The waves just rolled and rolled. Time held no meaning but time still passes. Jack could feel himself awaken from the daydream that the ceaseless waves had lulled him into. He lifted his head and looked out to the horizon.
There it was. The flagpole stood as a bold solitary figure upon the bald granite rock. The chilling blue waves from the lake slapped up against the island promontory in a timeless parade of frightened soldiers courageously marching to their untimely deaths against the island fortress.
Jack had the premonition that he was just another wave coming into Black Island and that he would be dissipated upon that shore and forever forgotten as well.

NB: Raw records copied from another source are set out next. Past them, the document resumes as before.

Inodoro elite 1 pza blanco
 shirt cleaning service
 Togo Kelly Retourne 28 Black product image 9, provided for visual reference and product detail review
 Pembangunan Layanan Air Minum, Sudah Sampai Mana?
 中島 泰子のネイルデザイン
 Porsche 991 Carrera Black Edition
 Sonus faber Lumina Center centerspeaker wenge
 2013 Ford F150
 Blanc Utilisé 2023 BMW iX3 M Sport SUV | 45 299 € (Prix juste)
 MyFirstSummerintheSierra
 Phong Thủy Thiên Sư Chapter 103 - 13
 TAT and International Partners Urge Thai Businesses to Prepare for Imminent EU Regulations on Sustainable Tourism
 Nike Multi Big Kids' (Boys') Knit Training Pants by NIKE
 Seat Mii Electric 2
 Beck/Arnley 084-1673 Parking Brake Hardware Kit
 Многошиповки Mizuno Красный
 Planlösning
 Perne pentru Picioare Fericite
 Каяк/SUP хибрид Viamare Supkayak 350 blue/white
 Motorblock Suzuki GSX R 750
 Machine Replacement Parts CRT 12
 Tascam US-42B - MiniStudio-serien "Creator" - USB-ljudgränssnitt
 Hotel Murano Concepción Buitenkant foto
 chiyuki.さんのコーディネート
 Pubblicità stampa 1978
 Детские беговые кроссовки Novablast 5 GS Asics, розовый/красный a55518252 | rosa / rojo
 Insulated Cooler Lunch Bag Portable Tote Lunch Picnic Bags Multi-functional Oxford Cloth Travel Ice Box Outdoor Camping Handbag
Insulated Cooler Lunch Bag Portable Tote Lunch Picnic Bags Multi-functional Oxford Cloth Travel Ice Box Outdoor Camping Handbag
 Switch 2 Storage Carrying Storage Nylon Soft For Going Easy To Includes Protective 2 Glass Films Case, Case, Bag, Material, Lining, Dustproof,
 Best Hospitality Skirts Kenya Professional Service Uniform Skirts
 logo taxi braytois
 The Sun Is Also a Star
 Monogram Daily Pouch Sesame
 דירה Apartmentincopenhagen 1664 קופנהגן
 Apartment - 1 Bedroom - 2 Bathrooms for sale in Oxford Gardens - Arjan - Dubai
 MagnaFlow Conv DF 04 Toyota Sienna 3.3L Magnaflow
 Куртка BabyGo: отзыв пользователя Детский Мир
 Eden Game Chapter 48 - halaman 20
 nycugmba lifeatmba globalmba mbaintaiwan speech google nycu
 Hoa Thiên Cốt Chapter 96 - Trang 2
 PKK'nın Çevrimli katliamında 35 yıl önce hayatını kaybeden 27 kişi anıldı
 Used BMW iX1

“They are not expecting us!” Mrs. Faye Thurston said to her son as she stood behind him upon the deck of the Madoqua Empress on that early summer evening. The sun behind them was on its wane creating a crimson aurora along the western horizon.
“But Granddad sent us an invitation a month ago,” Jack replied, his eyes never leaving that flag that waved defiantly against the lake. It was a declaration that the Meadowfords would be here forever and nothing save death could remove them.
“Yes, I know Jack. But he thinks that it will be another week before we arrive.”
“Surely, he sees the steamer approaching and will be tipped off,” the precocious lad lifted his head to gaze upon the breast and chin of his mother. She was garbed in a white silk blouse with a navy shawl wrapped about her shoulders. Even in the scenic grandeur of Pioneer Lake, her beauty remained unchallenged to Jack.
Mrs. Thurston smiled at her ten-year-old son and pinched his collar lightly. “Grandfather only believes that the Madoqua Empress is coming to drop off some supplies and to pick up his brother, Uncle Thaddeus who has decided to return to Michigan to tend to some business emergency that has come up. He will be very surprised when he sees you and I step from the ramp!”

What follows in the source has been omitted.